En su larga carrera hacia La Moneda, Kast fue aprendiendo de sus errores, en particular del rechazo que provocaban en mujeres y jóvenes sus posturas morales conservadoras. De ahí que en la reciente campaña abandonara la guerra cultural y moderara sus bordes más rupturistas. Su discurso fue esta vez eminentemente conservador: seguridad, crecimiento económico, regulación de la inmigración y reforma del Estado.
A ello se sumó un factor decisivo: el retorno al voto obligatorio. Cinco millones de nuevos electores ingresaron al padrón y, en su gran mayoría, se inclinaron por Kast. No se trata necesariamente de una adhesión a su ideario. Este “nuevo” electorado —menos ideológico, más pragmático, receloso de la política y del Estado— vio en él una respuesta simple a inquietudes existenciales vinculadas al desorden y a la erosión de la autoridad. Jeannette Jara, su adversaria, retuvo prácticamente la misma votación que Boric con voto voluntario. Su incapacidad para acceder a este electorado que hoy define las elecciones y quedarse encerrada en un núcleo politizado y eminentemente urbano, abre una seria interrogación sobre el futuro de la izquierda en el corto plazo.
Las primeras señales del presidente electo mostraron fueron más sobrias de lo que hacía presumir su campaña. La noche de su triunfo llamó a la paciencia, rebajó expectativas, habló de acuerdos nacionales y dio garantías explícitas de respeto al Estado de derecho, a la libertad de prensa y al ejercicio pacífico de la protesta. Siguiendo la tradición, sus contactos con el presidente Gabriel Boric fueron cordiales. A este clima contribuyó la reacción de Jara, quien reconoció de inmediato su derrota y se comprometió con una oposición constructiva y ajena a toda forma de violencia.
Es una buena señal que, aprendiendo quizás de lo que no hizo el presidente actual tras su victoria en 2021, el presidente electo anunciara de inmediato su voluntad de ampliar su base de apoyo mediante una alianza formal entre las fuerzas políticas que lo respaldaron en el balotaje. Con todo, tendrá que moverse en un equilibrio estrecho: demostrar firmeza evitando los maximalismos, mantener apertura al diálogo sin diluir su identidad y sostener la adhesión sin mostrar aún los resultados inmediatos que prometió en campaña.
La derrota de la izquierda no supone su colapso, pero sí deja al descubierto una fractura que ya no puede disimularse.

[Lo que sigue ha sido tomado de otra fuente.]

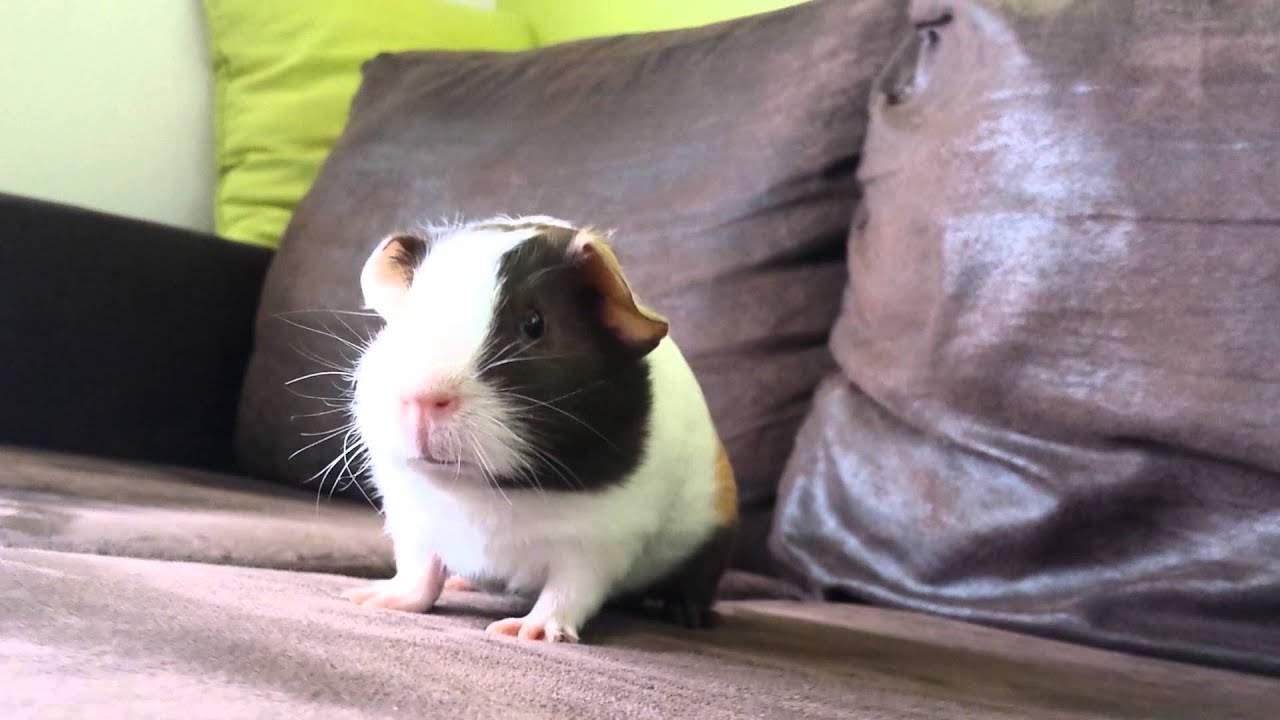 Very excited guinea pig HD YouTube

La izquierda postmaterialista —que alcanzó su momento de mayor influencia con la elección de Boric y la Convención Constitucional— mostró su inmadurez a la hora de gobernar y aparece hoy desconectada de una sociedad dominada por el temor y ávida de certidumbres. La centroizquierda (el Partido Socialista y el PPD) nunca resolvió su transición generacional ni la obsolescencia de sus propuestas. Y el Partido Comunista, pese a haberse renovado, debió correrse para hacer viable la candidatura de su militante Jeannette Jara. Como ella misma señaló la noche de la derrota, la izquierda deberá preguntarse con franqueza qué puede ofrecer en un país que ya no responde a los códigos culturales que dominaron los últimos treinta y cinco años y que eligió a un presidente que reivindica el orden, la disciplina, la jerarquía, el trabajo, la familia y la obediencia a Dios.
El país no votó necesariamente por una restauración conservadora, sino más bien por una promesa de orden en medio de un clima de incertidumbre; pero podría inclinarse en esa dirección si el nuevo Gobierno tiene éxito. Eso dependerá de su capacidad para interpretar a una ciudadanía cansada de promesas grandilocuentes y respuestas retóricas, y a la vez desconfiada del talante elitista y aristocrático de la derecha chilena. Si lo consigue, quizá pueda dar equilibrio y proyección al nuevo paisaje político. Si no, su Gobierno será otro episodio en una larga secuencia, de décadas ya, de un país que prefiere el zapping a perseverar en un mismo rumbo.